The latest financing boom in Canada isn’t fuelled by vague promises about the internet’s untapped potential as it was two decades ago, but largely by software firms using the web to sell and deliver digital products to enterprise customers for real revenues.

“We were looking for the type of company that had strong, mission-critical software serving an underserved category,” said Amol Helekar, a principal with Silicon Valley-based TCV, an early backer of Netflix, Spotify and Airbnb. “We realized Clio built by far the strongest product that serves law firms [sitting] at the very core of how they manage their businesses.”

Mr. Newton maintained Clio had many years of potential growth as only 30 per cent of small legal firms use practice management software. “Our main competition in many ways is still pen and paper,” he said. While Clio, with more than 400 employees, doesn’t disclose financial information, revenue is believed to top US$50-million a year.

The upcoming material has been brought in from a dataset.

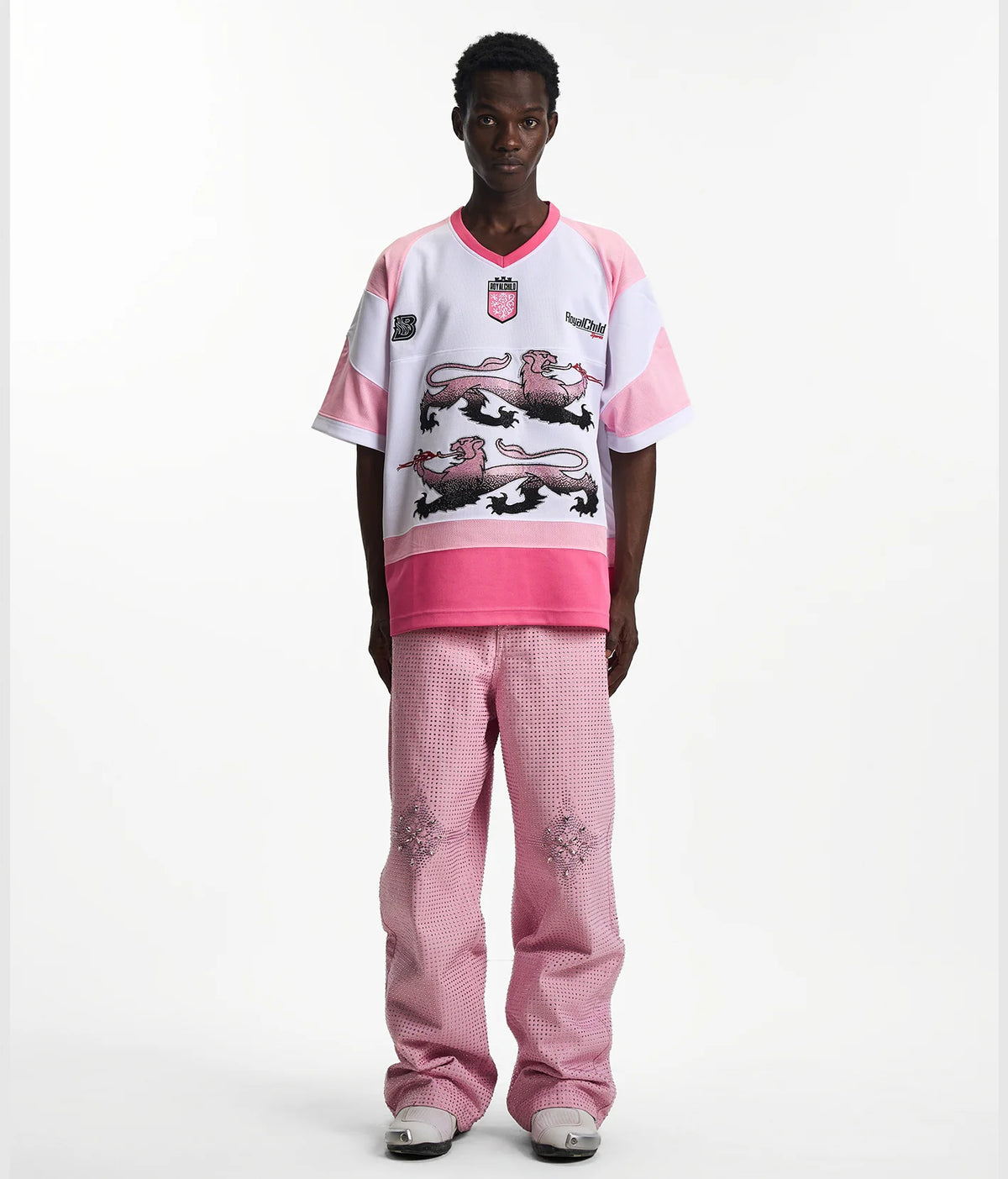 BORC Birth of Royal Child 20K Stellar Diamond Jeans Pink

Mr. Newton and childhood friend Rian Gauvreau, who both grew up in Edmonton, co-founded the company in 2008, sparked in part by Mr. Gauvreau’s experience working as an information technology manager at a law firm. He and Mr. Newton, a software engineer, learned that smaller firms faced more ethics and malpractice complaints in part because they didn’t have good software tools to help them manage their businesses. They developed software to do that over the internet for an affordable sum, quickly gaining industry notice by winning a best-in-show award from the American Bar Association in 2008.

They struggled to raise money early on, drawing much of their initial support from German investors, including venture-capital firm Acton Capital. ”When you sell to small businesses, it takes a long time to get real traction,” said Vancouver-based Boris Wertz, who served on the Clio board on Acton’s behalf and later invested in Clio through his own Version One Ventures.

But after continued growth, Clio drew the attention of Boston’s Bessemer Venture Partners, one of the world’s top early investors in online software firms, which led a $20-million financing in 2014.

Jeffrey Feiner, a partner with Toronto’s Corman Feiner LLP, said his boutique litigation firm “wanted something that was cloud-based and would enable us to be as portable as possible” when it began using Clio in 2016.

Mr. Wertz said unsolicited entreaties from prospective investors picked up three years ago as Clio began to scale into a larger company, foreign venture capital flowed into Canada and other small business-oriented software firms such as Canada’s Shopify and Wave Financial attracted customers.

Matt Emery, a general partner with JMI, which has backed some of Canada’s most successful enterprise software startups including Eloqua, PointClickCare and Vena Solutions, said his firm saw in Clio “the type of investment we had success with before. … They have a massive opportunity in front of them. We view it as a big market that’s still highly underpenetrated.”